Misalnya, jika penanaman pohon bercahaya dalam skala besar berhasil, itu berarti keuntungan besar. Ada nilai dalam setiap jenis tanaman yang dapat dibudidayakan untuk bahan mentah, dan orang pertama yang berhasil dalam penanaman akan menjadi orang pertama yang menguasai tren pasarnya. Keuntungan dari itu cukup untuk membuat mata orang-orang yang tak ada habisnya menjadi merah karena keserakahan.
Dikatakan bahwa beberapa perusahaan yang lebih kuat telah mulai berinvestasi dalam penelitian tentang produksi bahan mentah dari hewan, tidak puas hanya dengan budidaya tanaman. Investasi tersebut besarnya lebih besar dari yang dibutuhkan untuk penanaman tanaman.

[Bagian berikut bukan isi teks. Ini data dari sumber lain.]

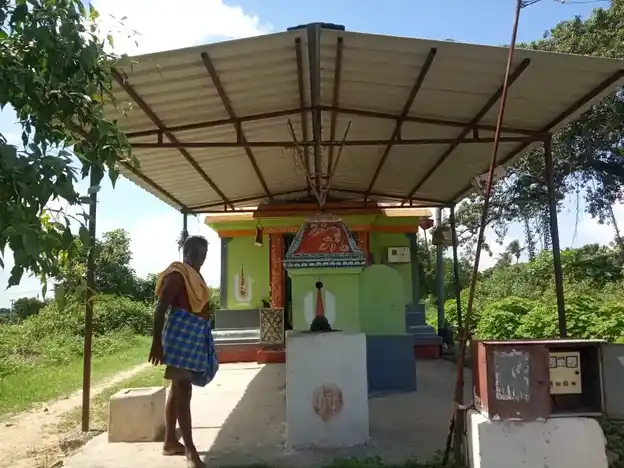 Arulmigu Lakshmi Narayana Perumal Temple, Kongaraimampattu - 603306 அருள்மிகு லட்சுமி நாராயணப் பெருமாள் திருக்கோயில், Kongaraimampattu - 603306, Chengalpattu - Ancient Temple Architecture and History Image 2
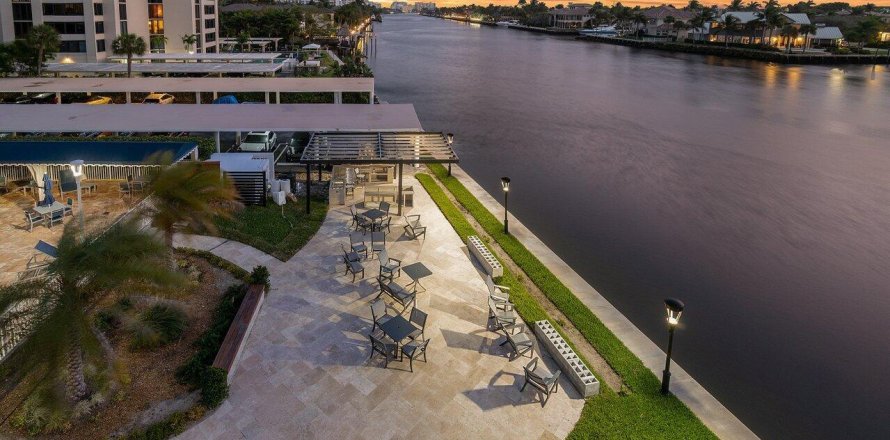 Condominio en Delray Beach, Florida, 2 dormitorios  № 1179599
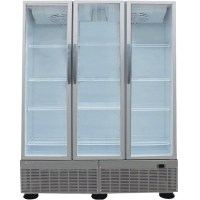 150 cm genişliğinde, 3 kapılı dikey tip şarküteri ve kahvaltılık teşhir dolabı (Model: UGR-USS 1500 D3K). İçinde 12 adet ayarlanabilir raf bulunan, LED aydınlatmalı ve temperli camlı profesyonel market/şarküteri soğutma ünitesi.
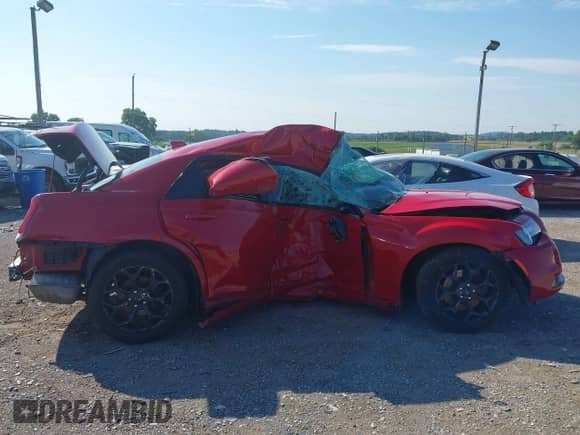 2016 Chrysler 300 S с VIN 2C3CCAGG6GH142327, выставлен на аукционе IAAI как лот 42645604 с пробегом 112 105 миль миль и . История ставок и продаж доступна на DreamBid. Изображение 12.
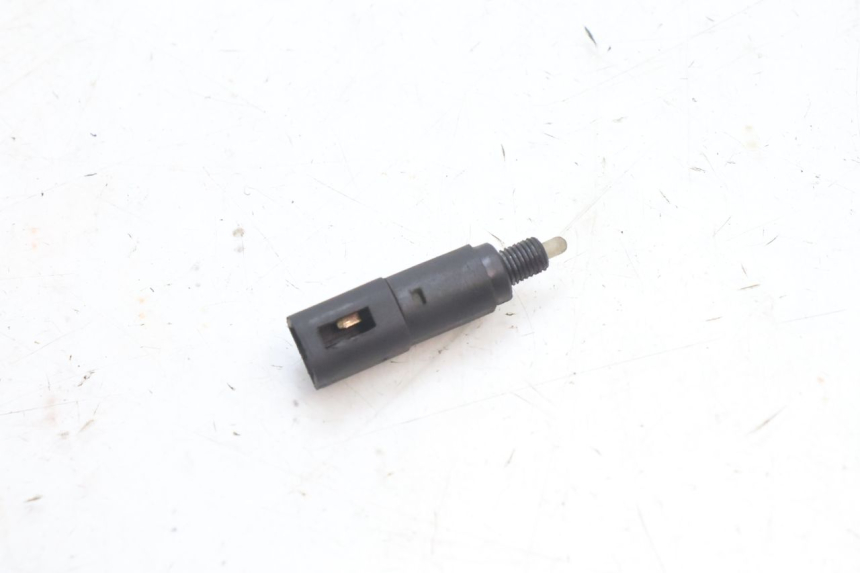 photo de LUZ FRENO INTERRUPTOR PIAGGIO MP3 500 (2016 - 2018) - Detalle de la pieza
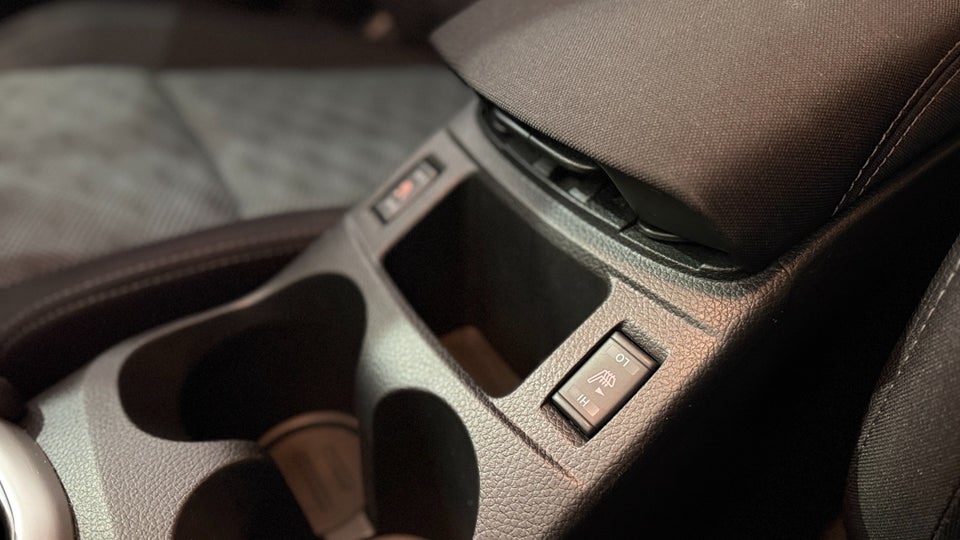 Nissan Qashqai 1,5 dCi 110 N-Connecta 5d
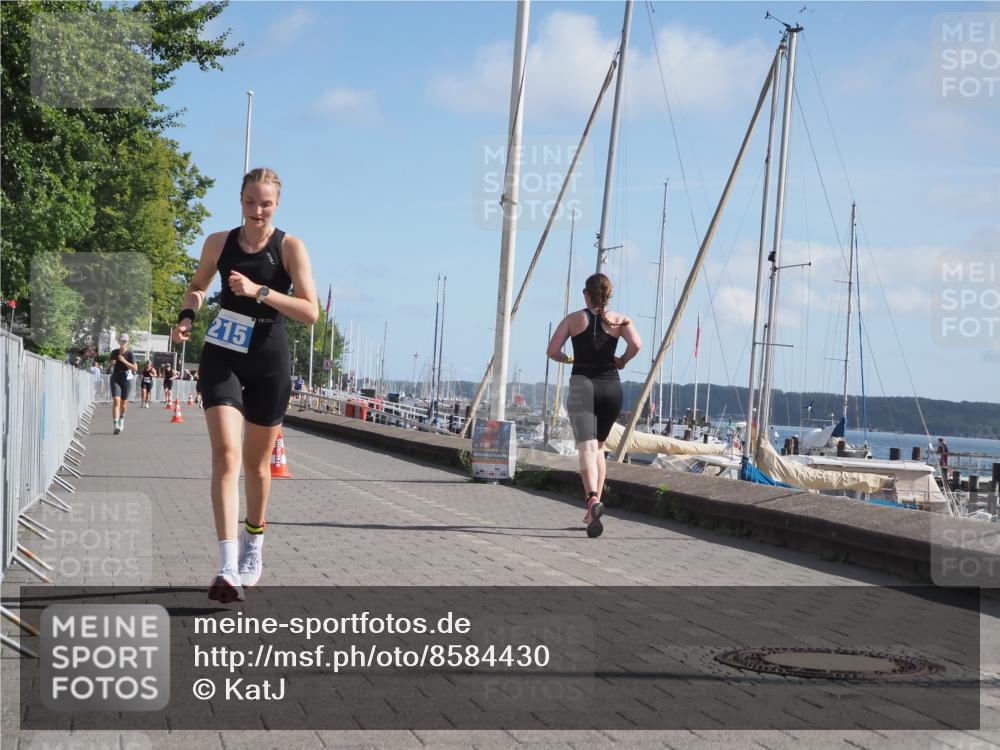 17.08.2025 - KN Förde Triathlon 2025 KatJ http://msf.ph/oto/8584430 17.08.2025 10:33:13 Laufen 215, 225 meine-sportfotos.de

Tetap saja, mereka akan menghasilkan keuntungan yang lebih tinggi.
Basis tanaman yang tumbuh cepat dan sederhana itu semuanya tenang di malam hari, dengan rumput berpendar yang memancarkan cahaya dari permukaannya yang seperti beludru. Tidak ada angin malam itu, dan gugusan demi gugusan rumput berpendar beludru itu melayang dan bergerak perlahan mengikuti angin sepoi-sepoi. Lautan rumput fluorescent beludru yang berkilau itu mengubah segalanya menjadi kabur dan melamun.
Sayang sekali Chen Mu tidak tertarik untuk menikmati pemandangan di bawah kendali napasnya. Dia menempel di dekat tanah saat dia meluncur melalui rumput yang bersinar.
Dia seperti hiu yang membelah laut yang meninggalkan bangun berbentuk V di belakangnya, di mana rumput yang berkilau seperti beludru telah terpengaruh oleh aliran jet yang menyebabkannya segera berubah menjadi gelombang yang nyata! Lautan rumput bercahaya yang tenang dan tenang diaduk oleh Chen Mu memotongnya.
Xiu Xiu! Ada kesan-kesan di depan dan di belakangnya, dengan lautan rumput beludru bercahaya yang menyilaukan yang tiba-tiba menjadi terlalu panas, tampak seolah-olah dia telah melompat ke zaman kemewahan yang bising.
Chen Mu bisa merasakan bahwa energinya tetap konstan, karena sebagian besar luka di tubuhnya sudah mulai menggumpal sendiri, meski ada tiga yang terlalu dalam dan masih ada darah yang mengalir. Tapi itu tidak sekritis waktu dulu!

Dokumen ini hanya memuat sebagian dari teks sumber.